(Stored data)
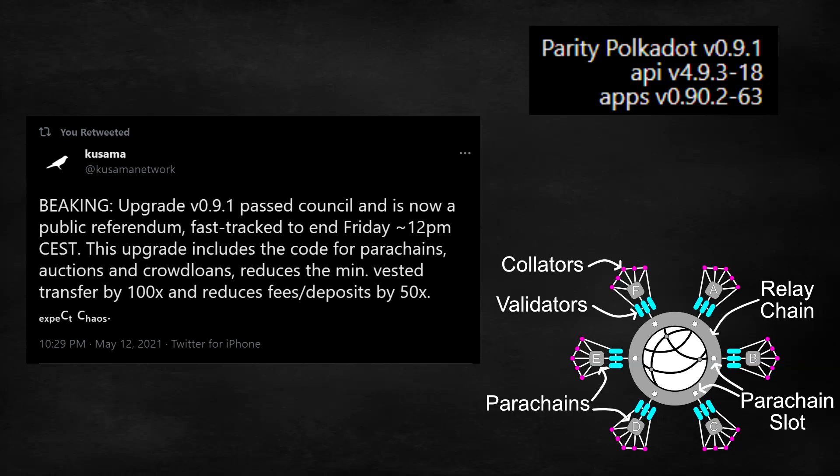Hey guys, and welcome back to our channel. It's finally happening. Update version 0.9.1 on Kusama, which enables parachains, has finally been shipped.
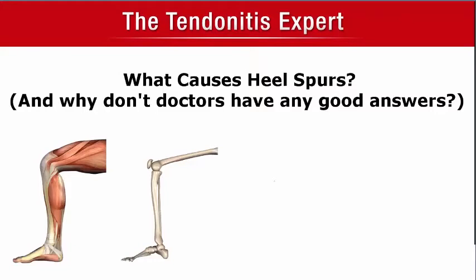Hey everybody, this is Joshua with The Tendonitis Expert, and this video is about what causes heel spurs, and why don't doctors have any good answers.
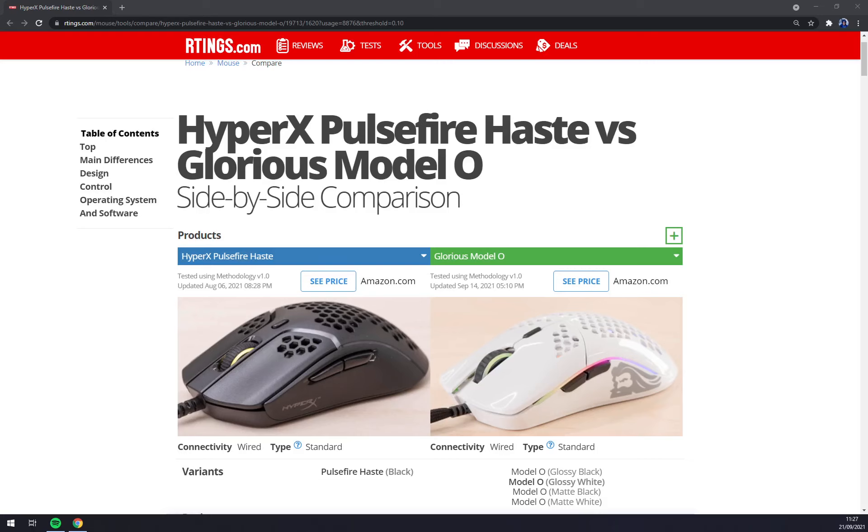Hello guys, my name is Matthew and in today's video I'll show you side-by-side comparison of HyperX Pulsefire Haste vs Glorious Model O.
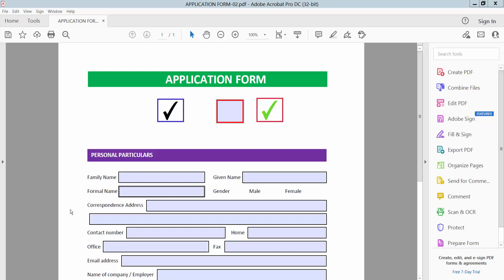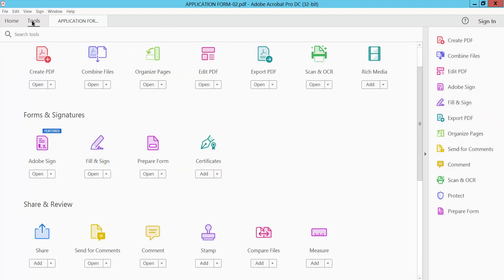Hello everyone, today I will show you how to remove read-only from a checkbox using Adobe Acrobat Pro DC. These checkboxes are now read-only. Now remove this read-only. Select Tools option and scroll down.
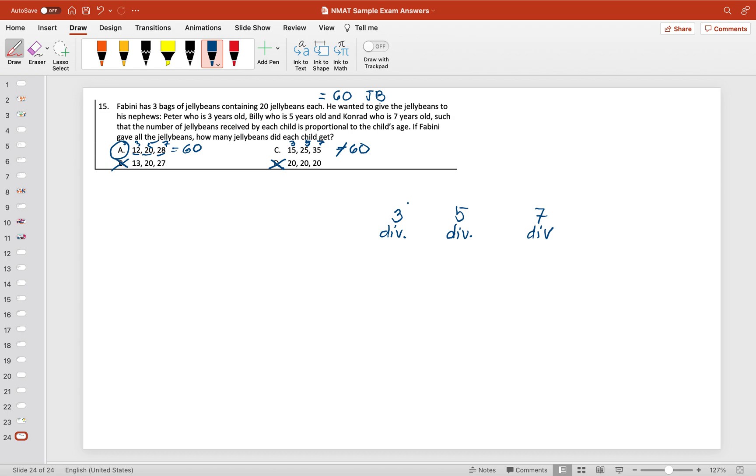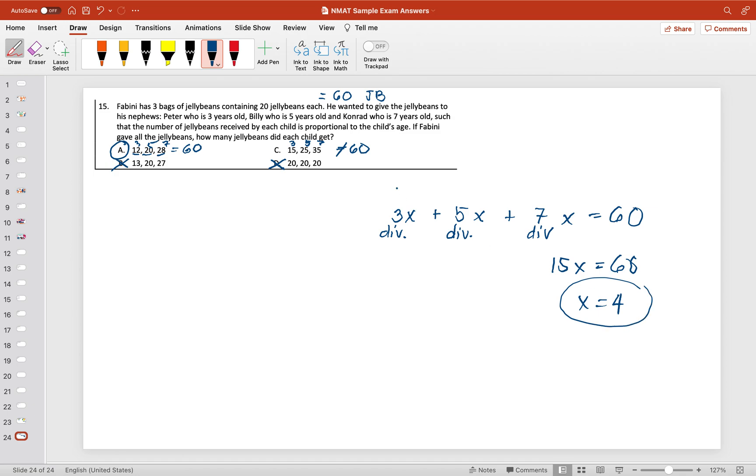you just have to add this value: 3x + 5x + 7x = 60, so 15x = 60, which means x = 4. So this is 3 times 4, which is 12, 5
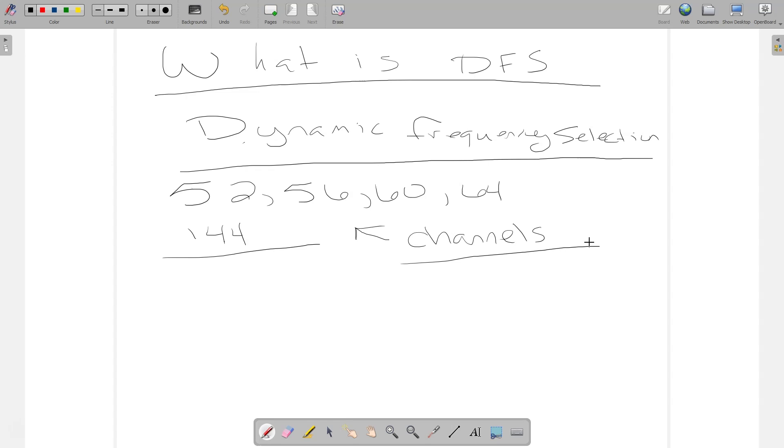We typically, if you watch the design video that I did, there's usually enough channels for most of the installations that we deal with that we don't have to use DFS channels, that we can design around that.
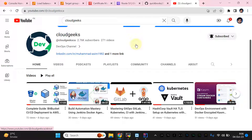Assalamu alaikum, my name is Mohammad Asim, I am working as a DevOps engineer. In this video I'm going to show you how we can deploy the Traefik ingress controller on Kubernetes, and we are going to use EKS. The highlight of this video is the setup of ACM, which is the AWS Managed Certificate Service, and we are going to use that.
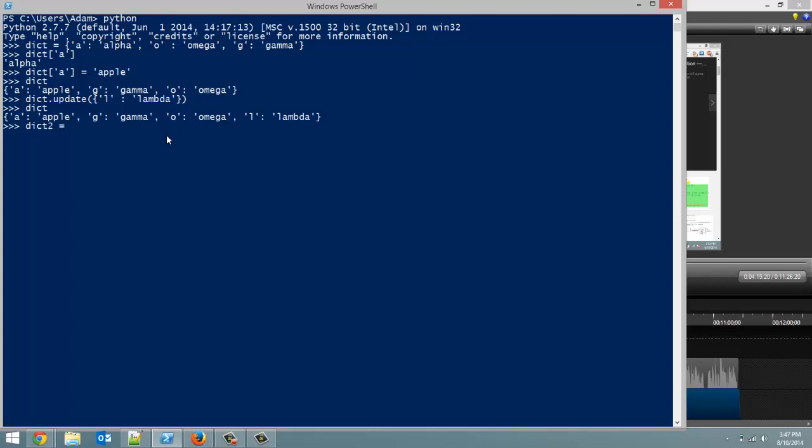Dict2 is equal to dict.copy, open close bracket, and now if we reference dict2, it's the exact same.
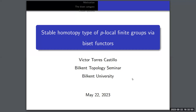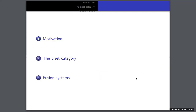Today's speaker is Victor Torres Castillo, joining us from Mexico, from CIMAT. He's going to tell us about stable multiple types of p-local finite groups via biset factors. Thanks everybody for coming. I'm happy to be here, at least virtually. Feel free to ask any question at any moment. Let's start with some motivation.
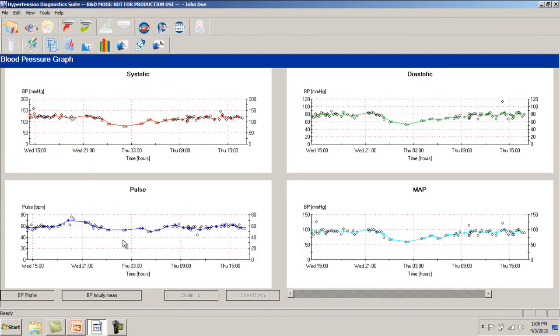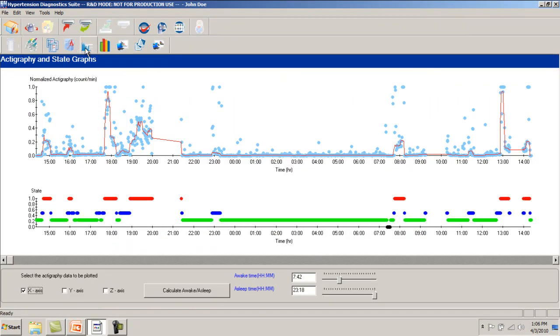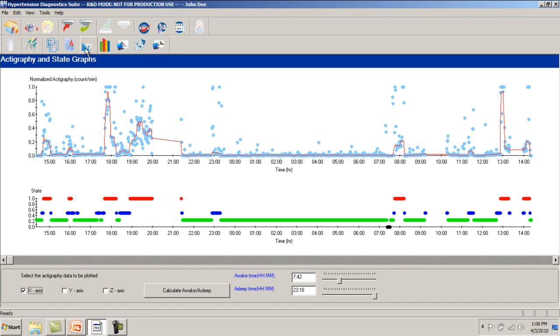The actigraphy view displays the information obtained by the built-in accelerometer. This information is used to determine the activity level during the monitoring period and automatically sets the awake and asleep time periods for each ABPM procedure.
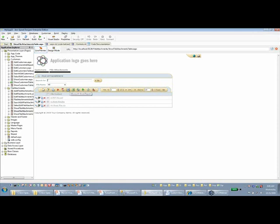Iron Speed Designer looks for common field naming conventions such as file content, file attachment, attachment, file name, or path name, and automatically creates the file attachment link and file upload controls. But if you are using a different naming convention — for example, something like 'my favorite file' — there is a little more work on your part. Let's switch over to design mode to see how to accomplish that.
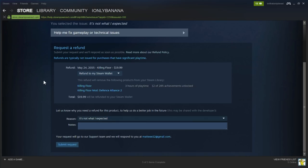And then if you see this screen right here, you are able to have a refund on that specific game. If you do not see this screen, that means you have too many hours into the game or you bought it too long ago.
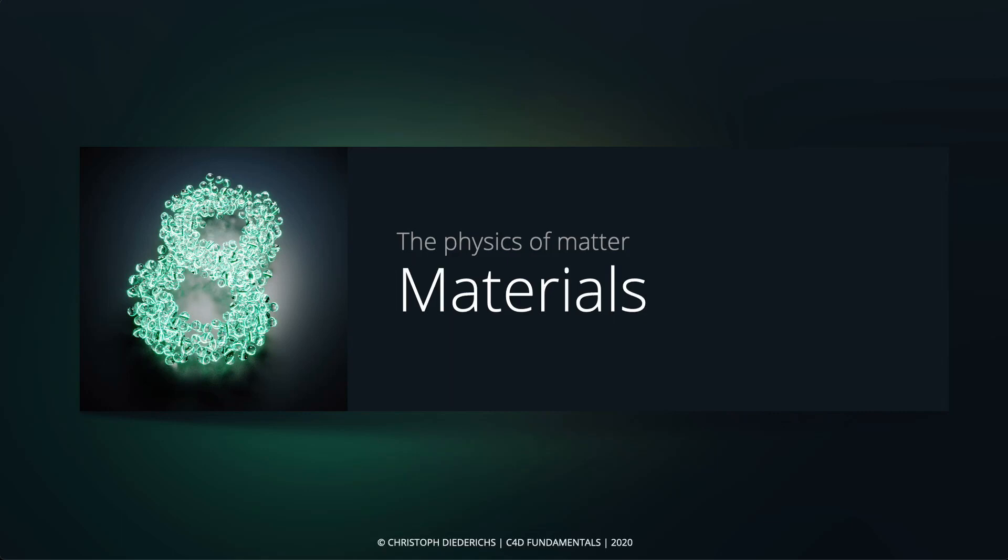It's time to talk about materials. As with the light and rendering sessions, we'll first cover a bit of theory and then go into Cinema 4D to look at the Corona materials.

__ASSIGNMENT__:
Copy only the lines above from the one containing "We typically, if" through the one containing "The actigraphy view", both included. Leave out the pictures.

__SOLVED PROBLEM__:
We typically, if you watch the design video that I did, there's usually enough channels for most of the installations that we deal with that we don't have to use DFS channels, that we can design around that.
Assalamu alaikum, my name is Mohammad Asim, I am working as a DevOps engineer. In this video I'm going to show you how we can deploy the Traefik ingress controller on Kubernetes, and we are going to use EKS. The highlight of this video is the setup of ACM, which is the AWS Managed Certificate Service, and we are going to use that.
Dict2 is equal to dict.copy, open close bracket, and now if we reference dict2, it's the exact same.
Today's speaker is Victor Torres Castillo, joining us from Mexico, from CIMAT. He's going to tell us about stable multiple types of p-local finite groups via biset factors. Thanks everybody for coming. I'm happy to be here, at least virtually. Feel free to ask any question at any moment. Let's start with some motivation.
The actigraphy view displays the information obtained by the built-in accelerometer. This information is used to determine the activity level during the monitoring period and automatically sets the awake and asleep time periods for each ABPM procedure.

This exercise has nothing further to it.